2025 EU-wide stress test

National Bank of Greece S.A. announces the successful completion of the 2025 EU-wide stress testing exercise, led by the European Banking Authority (EBA) and conducted in cooperation with the European Central Bank (ECB) and the national supervising authorities. The exercise was conducted under the common methodological rules set out by EBA, and macroeconomic and market scenarios defined by the European Systemic Risk Board (ESRB). NBG participated in the 2025 EU-wide stress test as part of the EBA sample of euro-area’s largest banks.
Within the above context, the stress test was based on a static balance sheet approach, thus factoring in NBG Group’s financial and capital position of 31.12.2024 as a starting point and conducting a 3-year horizon stress simulation (for the period 2025-27), under a Baseline and an Adverse scenario.  The Adverse scenario reflects a hypothetical, severe escalation in geopolitical tensions, accompanied by significant new trade restrictions, having strong adverse effects on private consumption and investments, both within Greece and globally.  Under this scenario, a set of adverse financial and economic assumptions has been incorporated to simulate a severe economic impact across the EU, entailing substantial real GDP contraction, persistently high inflation and other associated financial shocks. Specifically for Greece, the scenario assumes a cumulative real GDP decline of -6.1% over three years, elevated inflation at 11.6% (HICP), and substantial declines in real estate values, with residential and commercial property prices falling by -22% and -29%, respectively.

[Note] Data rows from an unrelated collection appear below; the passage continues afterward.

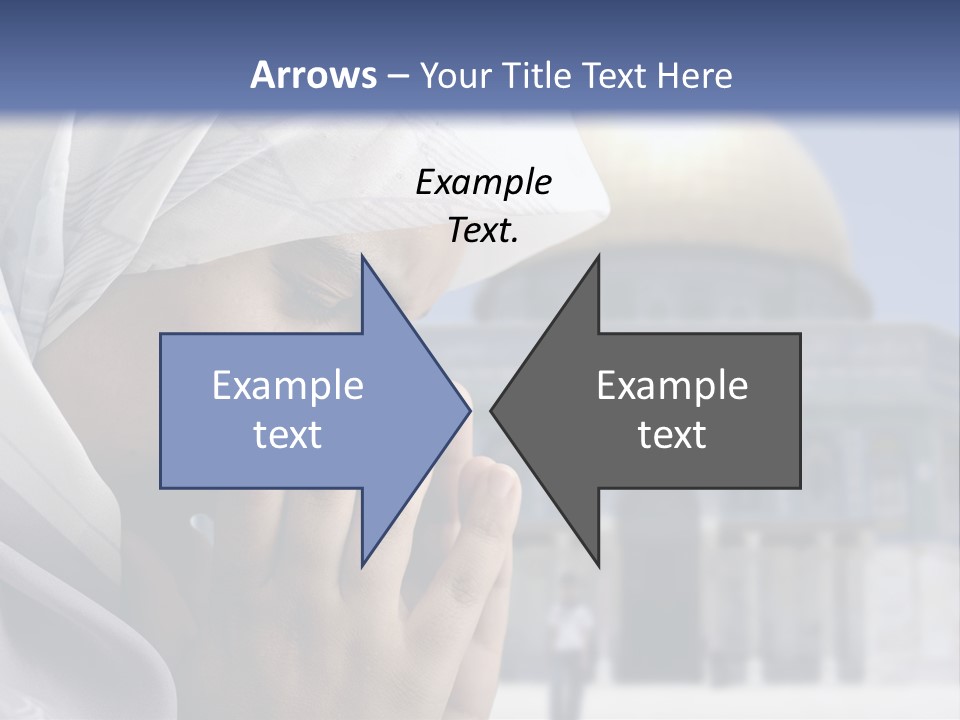 A Woman In A Headscarf Is Praying In Front Of A Mosque PowerPoint Template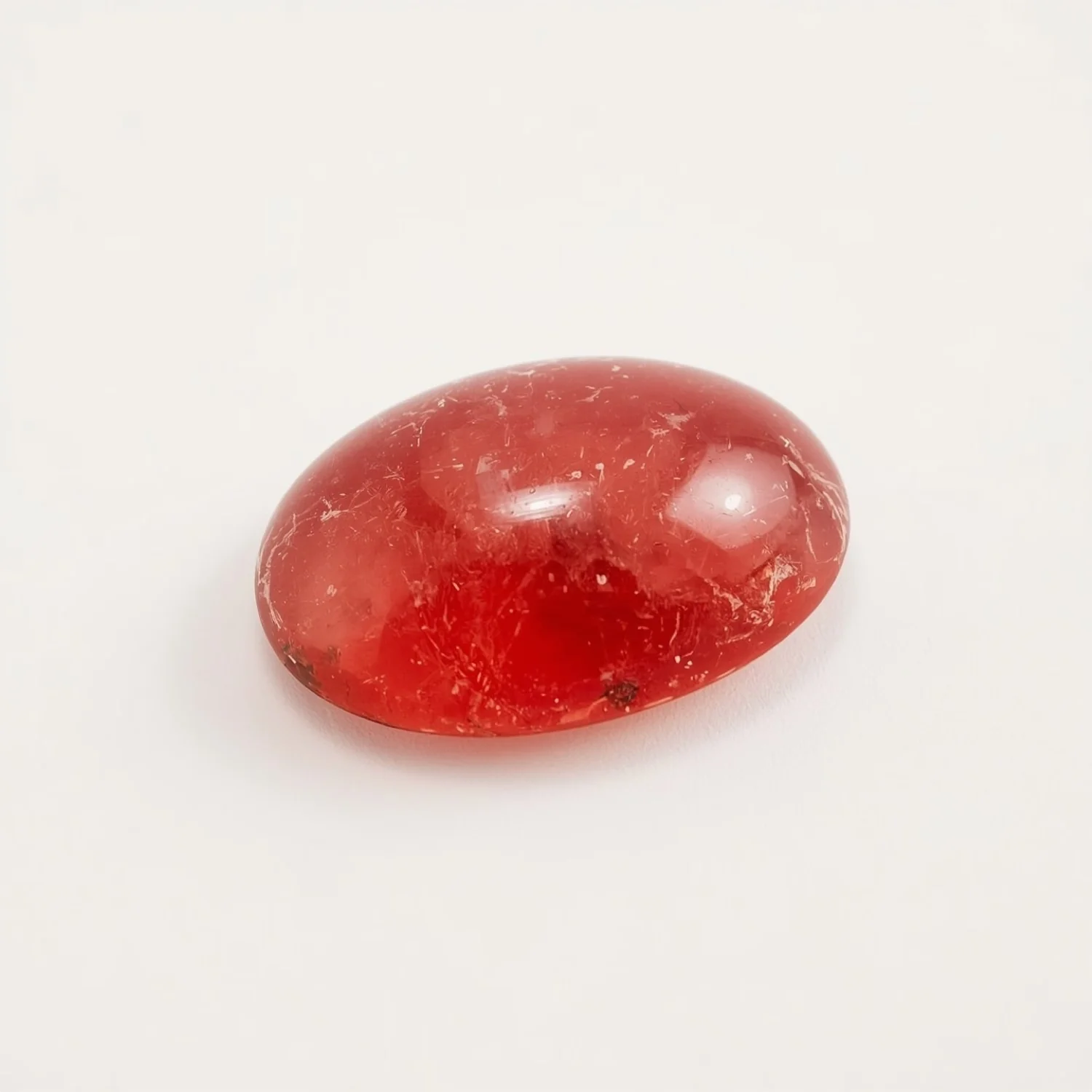 Red Strawberry Quartz 1PC Small 6x8 MM Oval Cabochon Red Shine semi Precious Loose Gems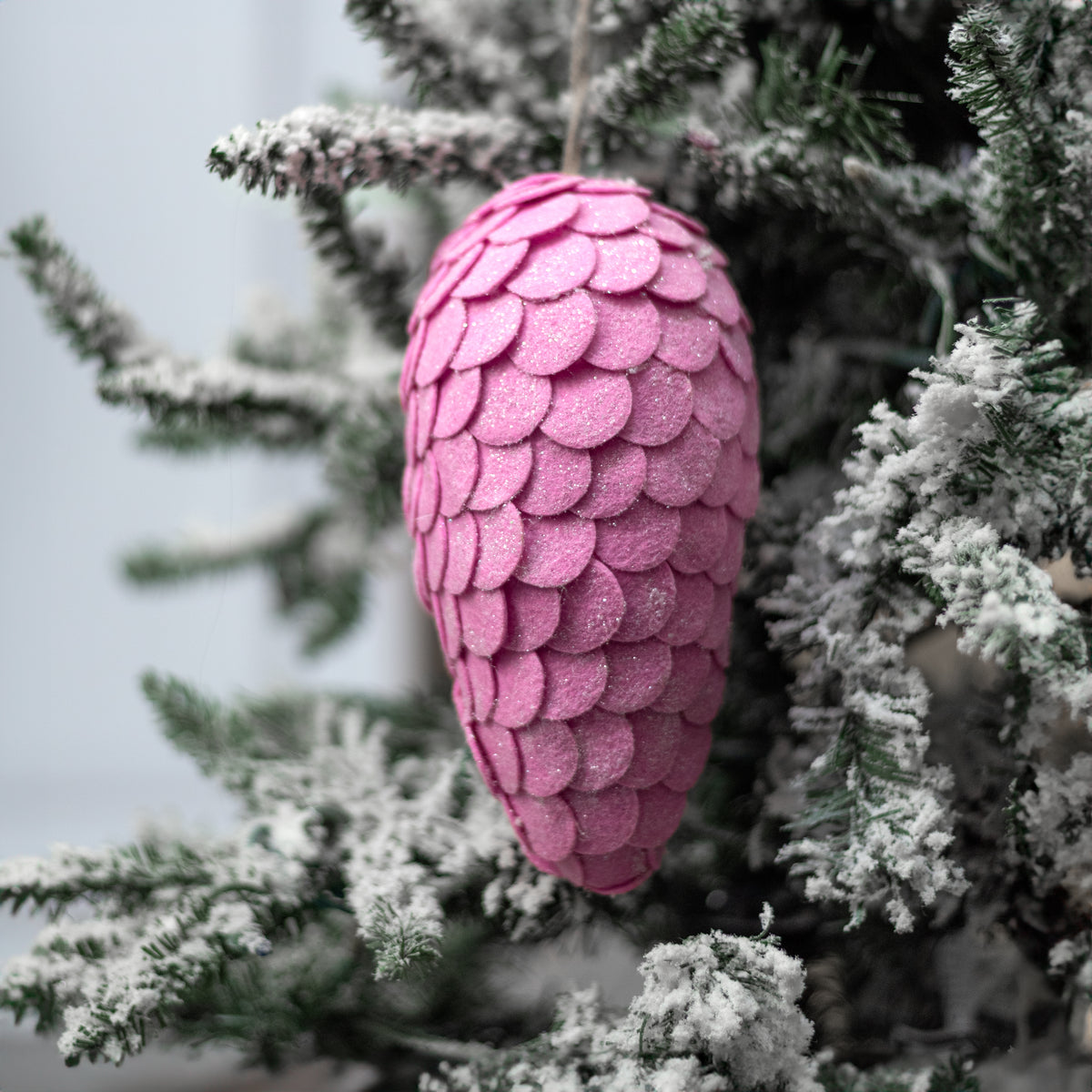 9" Glittered Felt Pinecone Ornament: Pink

Under the commonly applied methodology, in the Adverse scenario:

National Bank of Greece’s fully loaded (FL) CET 1 ratio settled at the end of 2027 just 0.50pps lower than the starting point of the exercise (restated for the introduction of CRR3), exhibiting the 2nd best result among the 51 Significant Institutions directly supervised by the SSM (and the 5th among the 64 banks of the total EBA sample). 
In the domestic banking space, this outcome positions NBG as the top performer, with Greek peers reporting a 3-year depletion of 1.81pps on average. 
Considering the trough year, NBG’s maximum depletion stands at 1.40pps, being 0.58pps better than domestic peers’ average.
The Baseline scenario resulted in a capital accretion of 3.67pps over the 3-year horizon.

The result of the 2025 EU-wide stress test demonstrates NBG Group’s resilience to shocks and ability to maintain solid capital levels, even in conditions of severe economic stress. Comparing the performance to previous stress test exercises, NBG has achieved notable progress over the past years in strengthening its balance sheet, despite globally challenging economic conditions. Specifically, the 2025 stress test outcome reflects the successful NPE deleveraging Strategy, the build-up of adequate capital buffers as well as the generation of sustainable profitability, underpinned by strong core income and efficient cost management.

Furthermore, it is noted that National Bank of Greece S.A. Group CET1 ratio on 30 June 2025 stood at 18.9%, up +60bps ytd (including period profits and net of a 60% pay out accrual).